Directions are hints and tips for using pandas in an analysis environment.
dovpanda is an overlay companion for working with pandas in an analysis environment.
It is an overlay module that tries to understand what you are trying to do with your data, and helps you
make you code more concise with readable.
If you think your task is common enough, it probably is, and pandas probably has a built-in solution. dovpanda will help you find them.
The main usage of dovpanda
is its hints mechanism, which is very easy and works out-of-the-box.

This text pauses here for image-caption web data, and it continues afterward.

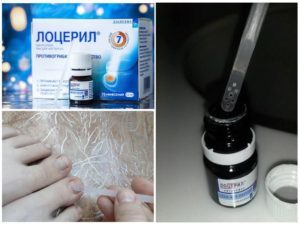 Лак Лоцерил от грибка ногтей: цена средства, отзывы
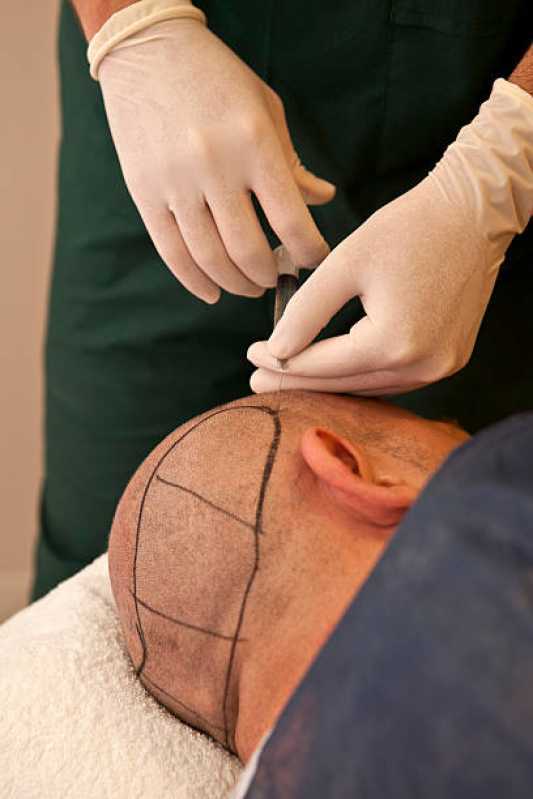 Tratamento Antiqueda Clínica Holambra - Tratamento para Queda de Cabelo Masculino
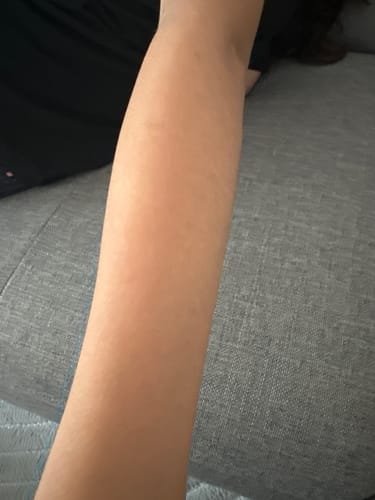 Customer photo review of Premium Haarfrei Bundle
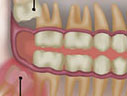 Cirurgia terceiro molar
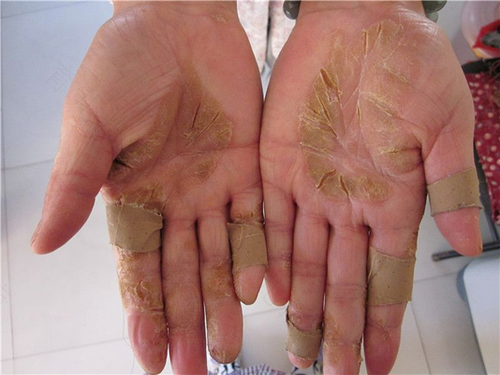 冬天手脚开裂怎么办 冬天手脚开裂怎么办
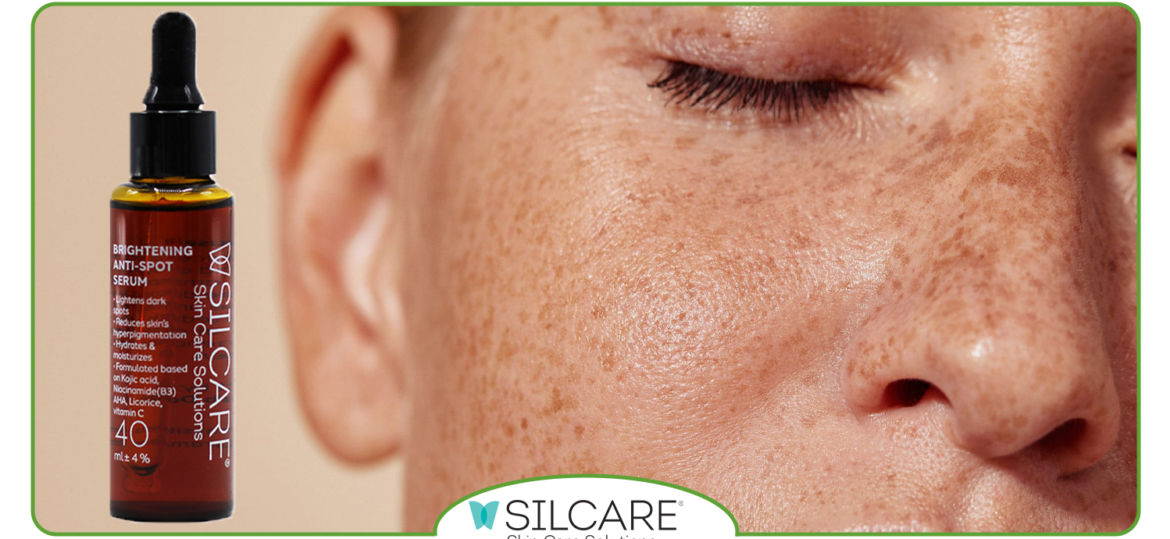 انتخاب سرم ضد لک مناسب برای پوست‌ هایی با لکه‌ های ناشی از آفتاب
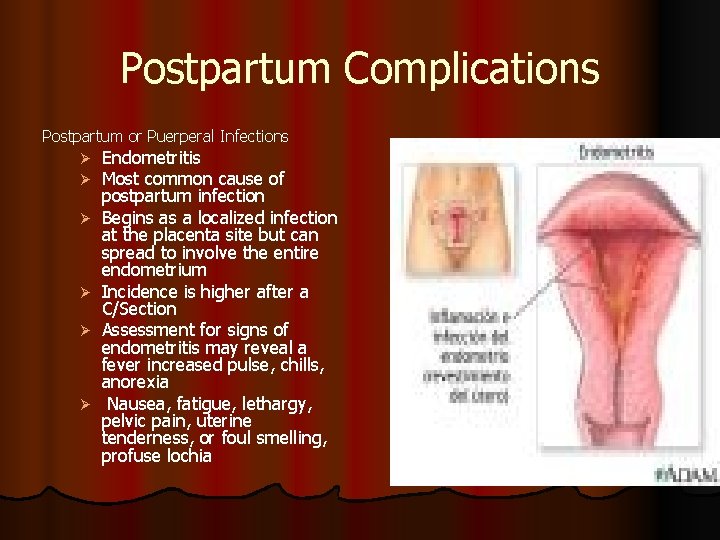 Postpartum Complications Postpartum or Puerperal Infections Ø Ø Ø Endometritis Most common cause of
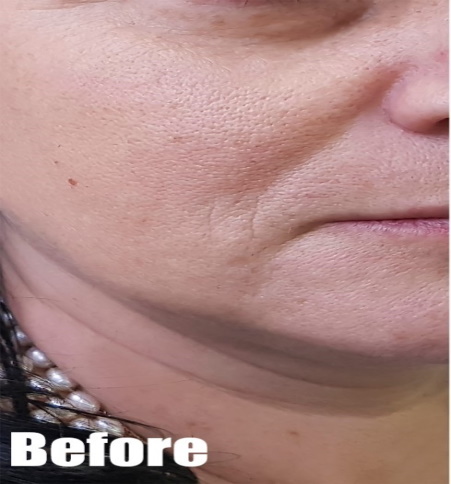 Before-Facelift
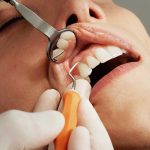 Ways of Treating Dental Pain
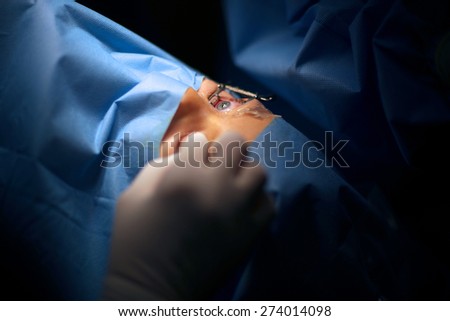 Eye surgery, closeup view of an open patient\'s eye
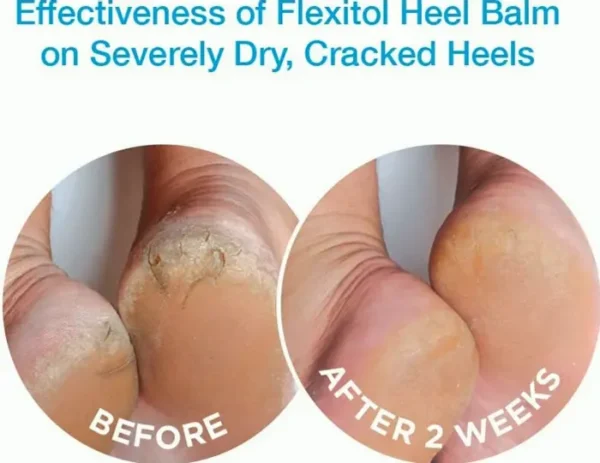 Flexitol Heel Balm 4 Oz Tube (Set of 2): Hydrating & Exfoliating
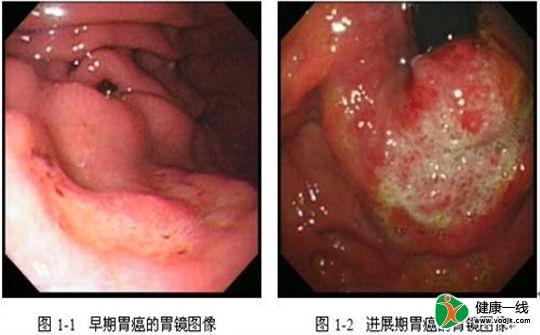 胃癌早期有什么症状_胃癌早期有什么症状或前兆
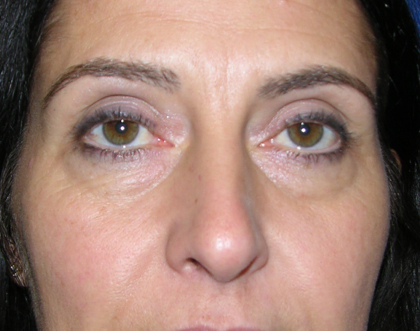 Patient 18, view 1 view before blepharoplasty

Just import it after you import pandas, whether inside a notebook or in a console.
import pandas as pd
import dovpanda
This is it. From now on you can expect dovpanda
to come up with helpful hints while you are writing your code.
Running dovpanda
in a notebook environment will display rendered dismissable html.
df = pd.DataFrame({'a':list('xxyy'),'b':[40,50,60,70], 'time':['18:02','18:45','20:12','21:50']})
df['time'] = pd.to_datetime(df.time)
df['hour'] = df.time.dt.hour
df.groupby('hour').b.sum()
===== Seems like you are grouping by a column named 'hour', consider setting the your
time column as index and then use df.resample('h') =====
Out[4]:
hour
18 90
20 60
21 70
Name: b, dtype: int64
pip install dovpanda
dovpanda.tip()
will give you a random pandas
tip.
use dovpanda.set_output
if you want to change output.
In [14]: dovpanda.set_output('display')
In [15]: df.iterrows()
===== iterrows is not recommended, and in the majority of cases will have better alternatives =====
Out[15]: <generator object DataFrame.iterrows at 0x110fe4318>
In [16]: dovpanda.set_output('print')
In [17]: df.iterrows()
iterrows is not recommended, and in the majority of cases will have better alternatives
Out[17]: <generator object DataFrame.iterrows at 0x112c408b8>
In [18]: dovpanda.set_output('warning')
In [19]: df.iterrows()
WARNING:dovpanda:iterrows is not recommended, and in the majority of cases will have better alternatives
Out[19]: <generator object DataFrame.iterrows at 0x110ee7e58>
In [20]: dovpanda.set_output('off')
In [21]: df.iterrows()
Out[21]: <generator object DataFrame.iterrows at 0x1047c4d68>